§ DATA EXTRACT
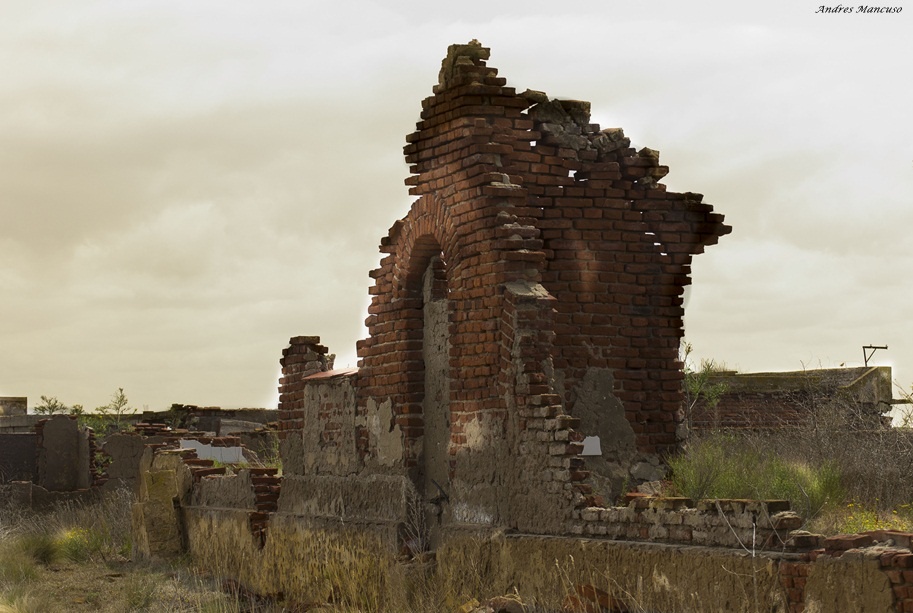 "Ruinas" de Andres Mancuso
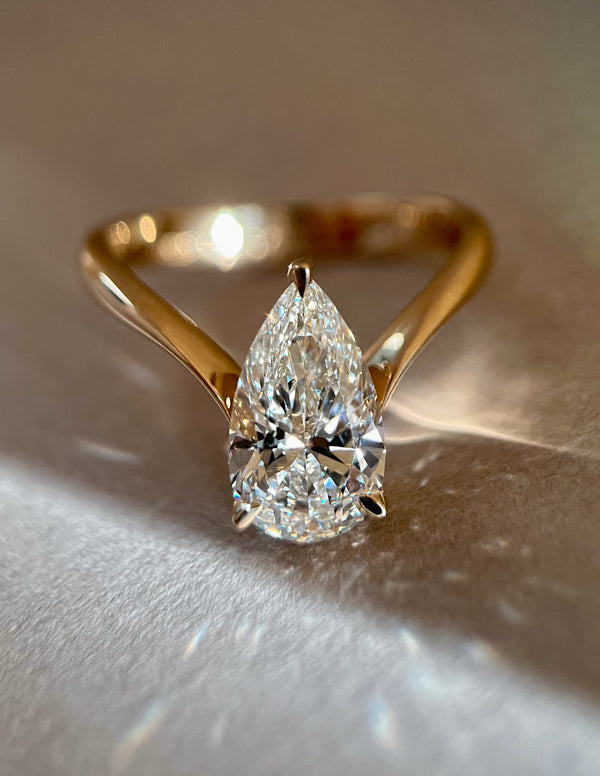 Solitaire V Curved Shank-Pear Lab Grown Diamond Engagement Ring - Solitaire-Oval Lab Grown Diamond Engagement Ring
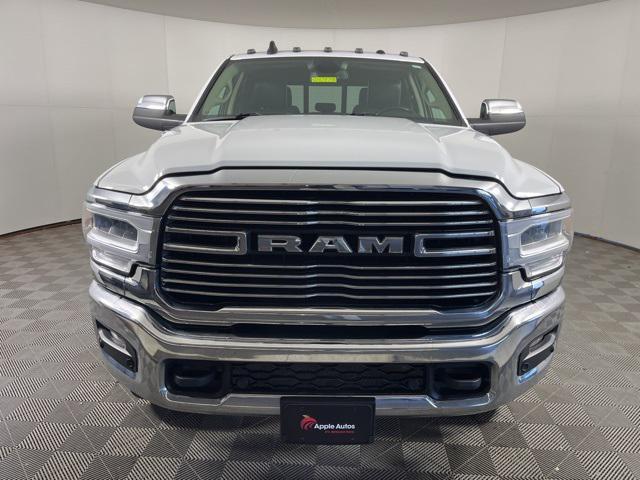2020 RAM 3500 Laramie Crew Cab 4x4 64 Box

§ PROBLEM DETAILS
Your answer must be exactly the lines from the one with "Solitaire V Curved" through the final line of the data, with no pictures in it.

§ EXPECTED ANSWER
 Solitaire V Curved Shank-Pear Lab Grown Diamond Engagement Ring - Solitaire-Oval Lab Grown Diamond Engagement Ring
2020 RAM 3500 Laramie Crew Cab 4x4 64 Box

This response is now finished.